Competing interests: NO authors have competing interests Enter: The authors have declared that no competing interests exist.

1. Introduction

The role of education in fostering economic growth and social development has been recognized since the origins of modern economic thought. Already in The Wealth of Nations, Adam Smith [1] emphasized that education enhances labour productivity and contributes to the wealth of nations by cultivating skills, discipline, and innovation capacity [2]. In the 20^th century, this idea evolved within the framework of human capital theory [3,4], which conceptualized education as an investment yielding both private and social returns. More recently, the empirical contributions of Abhijit Banerjee, Esther Duflo, and Michael Kremer have demonstrated that education not only drives economic efficiency but also reduces poverty and inequality by enabling more inclusive forms of growth [5,6].

In September 2015, 193 United Nations member states adopted the resolution “Transforming our world: the 2030 Agenda for Sustainable Development” containing 17 Sustainable Development Goals [7]. Within this context, Sustainable Development Goal 4 (SDG 4) “Ensure inclusive and equitable quality education and promote lifelong learning opportunities for all” is an important element of the 2030 Agenda for Sustainable Development. Given the significant differences between countries, including EU Member States, in education levels, quality, and participation in lifelong learning, systematic monitoring and review of SDG 4 implementation is required.

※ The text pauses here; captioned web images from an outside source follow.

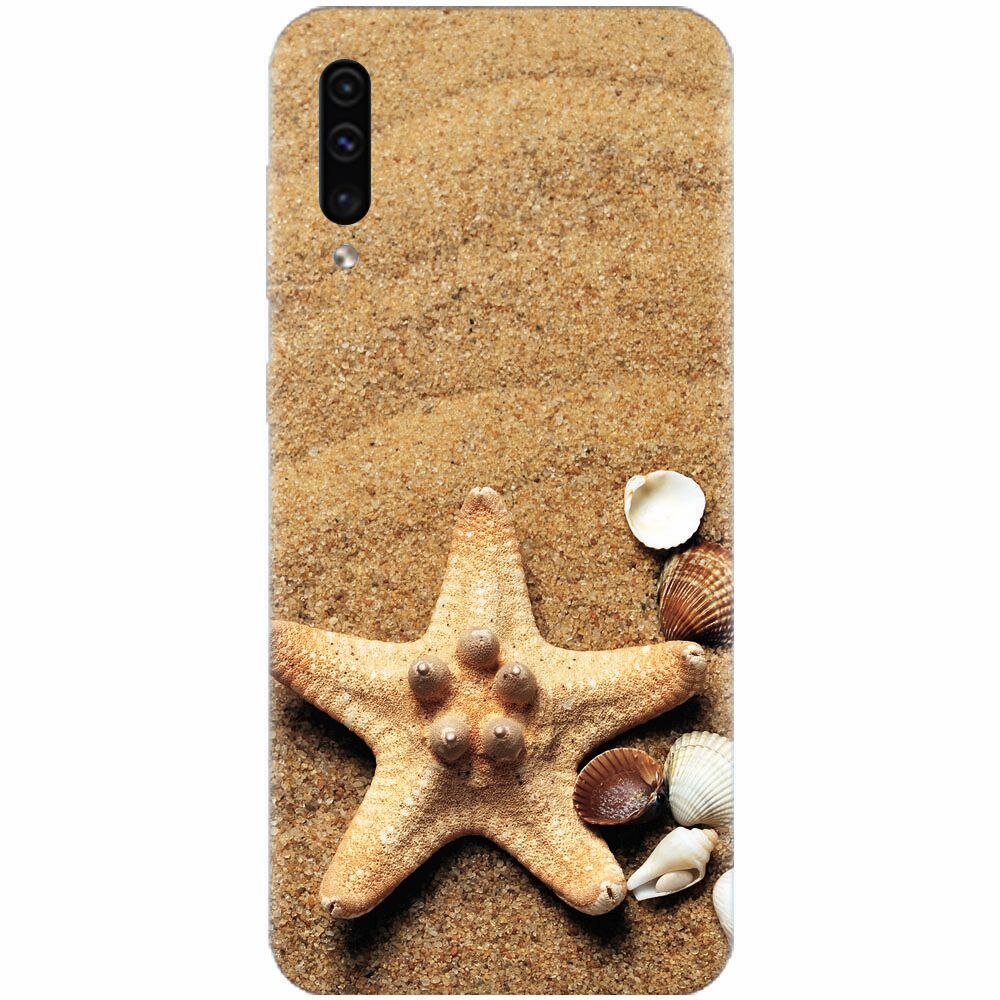 Husa silicon pentru Samsung Galaxy A50, Sea Shells
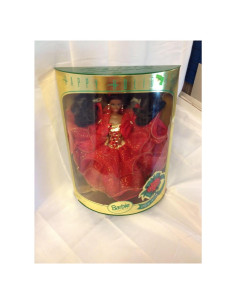 Muñeca Barbie Afroamericana 1993 Felices Fiestas Edición Especial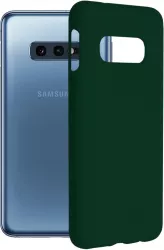 Husa pentru Samsung Galaxy S10e Techsuit Soft Edge Silicone Dark Green 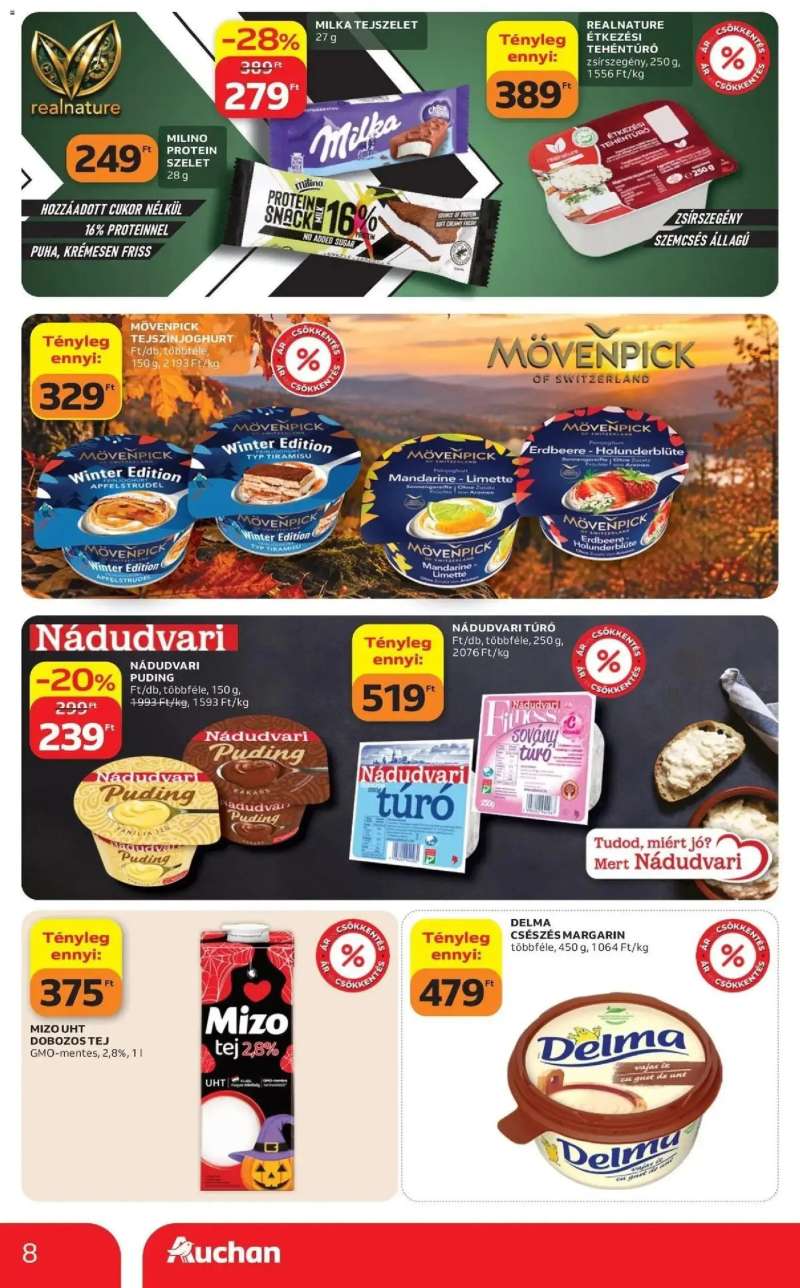 Auchan Auchan akciós újság 8 oldal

However, dominant approaches to monitoring SDG 4, typically based on composite indicators, face an important limitation. Most aggregation methods are compensatory, whereby high values of some indicators tend to offset the poor performance of others. In the context of SDG 4, this property may lead to misleading assessments, with some countries appearing to perform well overall despite failing to achieve key educational targets, which could lead to unfounded policy conclusions. At the same time, standard composite measures often are characterised by limited interpretability, as they offer rankings without clearly showing the distance from target values or the structure of multidimensional disparities.

The main research goal of the study was to rank the 27 EU countries according to their progress made in 2023 towards achieving SDG 4 goal “Ensure inclusive and equitable quality education and promote lifelong learning opportunities for all” and to determine their distance in relation to the target set for 2030.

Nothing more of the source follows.